David Garrett and his musical way out of convention


(Published in The Produktkulturmagazin issue Q1 2019)

He possesses this charming mix of casualness and self-confidence. The international star David Garrett is one of the most impressive and talented violinists of his time. From May 2008 to April 2010, the “Devil’s Violinist” held a very special world record: he played Rimski-Korsakov’s “Flight of the Bumblebee” in 66.56 seconds – that means 13 notes per second– without making a single mistake. This even won him an entry in the Guinness Book of Records.

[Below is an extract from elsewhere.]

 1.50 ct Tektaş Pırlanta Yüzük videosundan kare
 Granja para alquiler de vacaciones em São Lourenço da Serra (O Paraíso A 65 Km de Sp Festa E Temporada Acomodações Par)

At the age of four, he made his first attempts on the violin – his father, a German jurist and violin auctioneer, also worked as a part-time violin teacher and was his first mentor. At 13, he was already exclusively under contract with Deutsche Grammophon, and the famous violinist Yehudi Menuhin once described him as the “greatest violinist of his generation.”

A unique blend of classic and modern pieces is Garrett’s trademark – he is a crossover violinist with real pop star qualities. No question, Garrett both technically and creatively masters all facets of being a mature virtuoso with a palpable joy for detail – be it powerful “strokes,” quiet subdued sequences or soft melancholy. He finds inspiration for his own work almost everywhere and also in seemingly everyday things, as he told us in an interview before the launch of his new “Unlimited Live” tour. His great curiosity makes him open to many things, always ready to try something new and inspired by a wide variety of music genres.

You started playing the violin at the age of four. Even as a child, you practised for up to eight hours a day. How was that for you?

It certainly hasn’t always been easy as a young kid to muster that discipline every day. Looking back, though, it was incredibly important for my playing today and the career development I was able to experience. Without that foundation, my playing would be very different today.

You signed your first record deal at the age of 13. How has it changed your life? Could you experience a “normal” youth despite the early start of your music career?

Actually, my parents signed the contract since I was still a minor. In the end, I already had a very different life from my peers. I had private lessons and the focus during my childhood was already on learning and playing the violin, giving successful concerts and building a career.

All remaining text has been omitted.